What is Christmas?

Thousands of words have been written, hundreds of songs sung—the centuries are full of hope, longing for the day when all sad things will become untrue, Tolkiens’ words speaking for everyone everywhere. In a world where Fate is the first and last word, where things are as they are because they always have been and always will be, Christmas is nonsense. Bah, humbug, again and again and again.

But if Christmas has moral meaning, if it is about a true story of a moment in time when heaven came to earth, when transcendence touches immanence, where tears of sorrow are indelibly mixed with tears of joy, where ora et labora is the stuff of life, then it is grace, a great grace. As U2 put it so poetically and profoundly, it is not only the name of a girl but its reality has changed the world.

If you are like my wife Meg and me, at all, often wondering if the vast universe of television programming might have something worthy of your heart and mind, then please let me tell you, again perhaps, of the most unusual show ever, the BBC’s Call the Midwife. When it first appeared 12 years ago, I was intrigued, wondering why and where this show had come from? Who imagined it? Who wanted it enough to jump through the hoops to move it from storyboard to screen?

We watched the first few seasons, enjoying them very much, and then became weary of the post-modernizing of the storyline, groaning again at the insistence that every story be the same story. But this week, Christmas being Christmas, we found our way to the first season again, and its “Christmas Special,” certain that in every way that mattered we would be nourished, that the days of this week would have deeper meaning for us if we listened in, lingering with the Nonnatus House and its nuns.

Set in the East End of London in the late 1950s, the series is located in the neighborhood of docks and dockworkers, of ships and sailors, where the Nonnatus House offers midwifery service to the host of women who need help bringing their babies into being. The Anglican nuns eat together, play together, work together, and worship together, weaving a tapestry of very ordinary life among very ordinary people. And into their common life a group of midwives join in, apprenticing themselves to the wise and good, aging and sometimes cranky sisters of charity who have given their lives to the needs of the world.

Desperate husbands call out, women with bursting bellies cry out, and tiny babies eventually join the chorus. Sometimes the stories are of the deepest gladness, and sometimes the most heart-wrenching grief—as it is in the world that is ours. And then, surprise of surprises, right in the very midst of the push-come-to-shove of literal life, we begin to hear the nuns singing their psalms, threading their confession of the meaning of the universe into one more day at the Nonnatus House, full of glories and ruins as all days are.

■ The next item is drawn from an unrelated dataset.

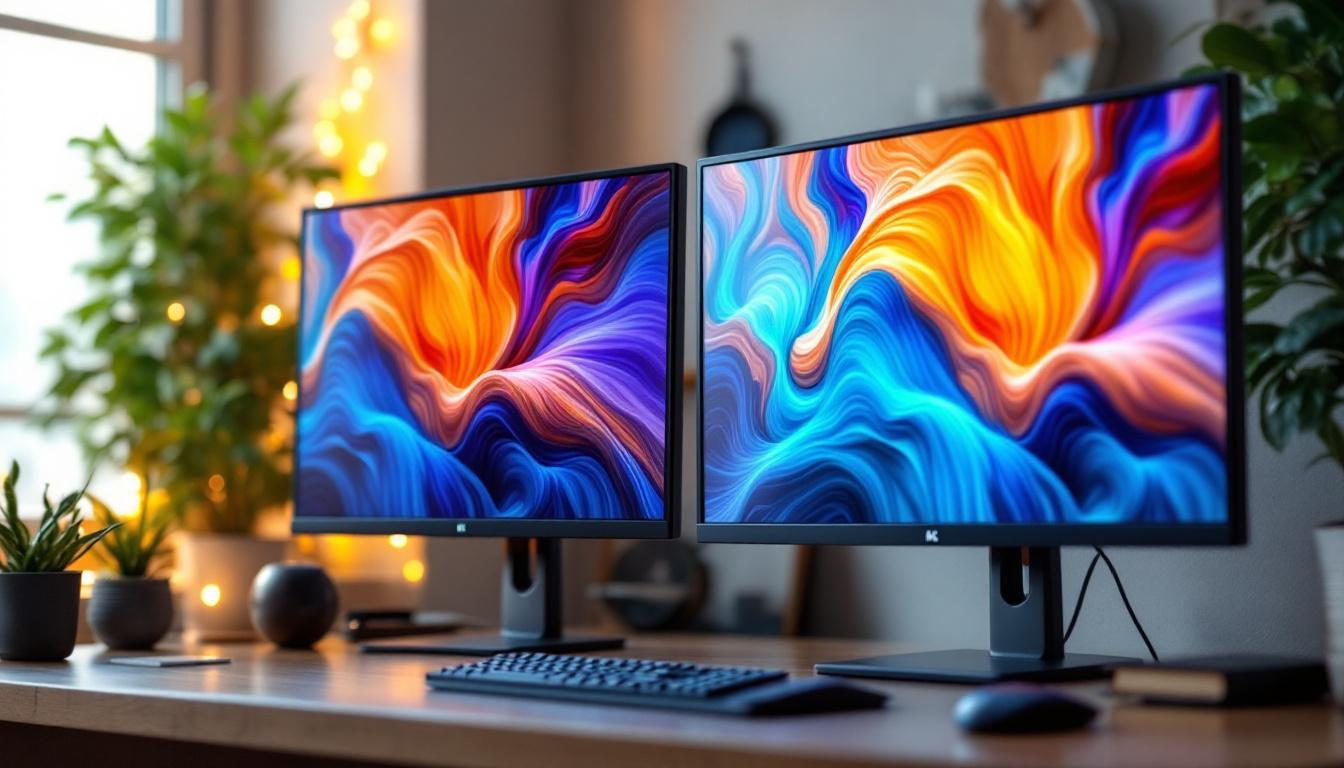 A photograph of a side-by-side comparison of an led monitor and an lcd monitor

All this and Christmas too. The special for the first season is both profound and tender, offering a story of women wrestling with the vocation of of their lives, pondering the possibility of a calling from God to love the world, with people laughing and crying about things that matter, where humility bumps up against arrogance, as it does in every human heart—and of course, a baby being born. All of this threaded through with the meaning of Christmas, of heaven coming to earth in and through the lives of women who saw themselves called by God to care, incarnating in the hours of their days and nights honest faith, honest hope, honest love.

Born of her own longing to make sense of making sense, caring for the world but wanting reasons to care that were formed by the truest truths of the universe—for her, a slow pilgrimage, coming to believe in the God who has tears, incarnate in Christ—the French philosopher Simone Weil called this a sacramental life, a life in which we remember to remember that all of life is lived before the God of heaven and earth, weaving worship together with work, a life of ora et labora as it is and as it must be.

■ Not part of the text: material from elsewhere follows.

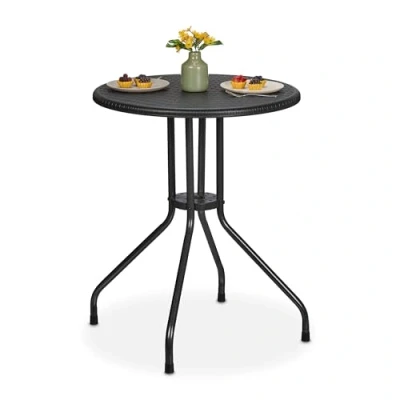 Bild av Relaxdays Trädgårdsbord, H x D: 73 60 cm, rottinglook, plast och stål, utomhus matbord, runt balkongbord, svart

In a word, this is Christmas.

Steven Garber has been a teacher of many people in many places, and was the founder of the Washington Institute for Faith, Vocation and Culture, now also serving as the Senior Fellow for Vocation and the Common Good for the M.J. Murdock Charitable Trust, as well as Professor at-Large for the Economics of Mutuality, and for several years was the Professor of Marketplace Theology at Regent College, Vancouver BC. The author of several books, his most recent is The Seamless Life: A Tapestry of Love and Learning, Worship and Work.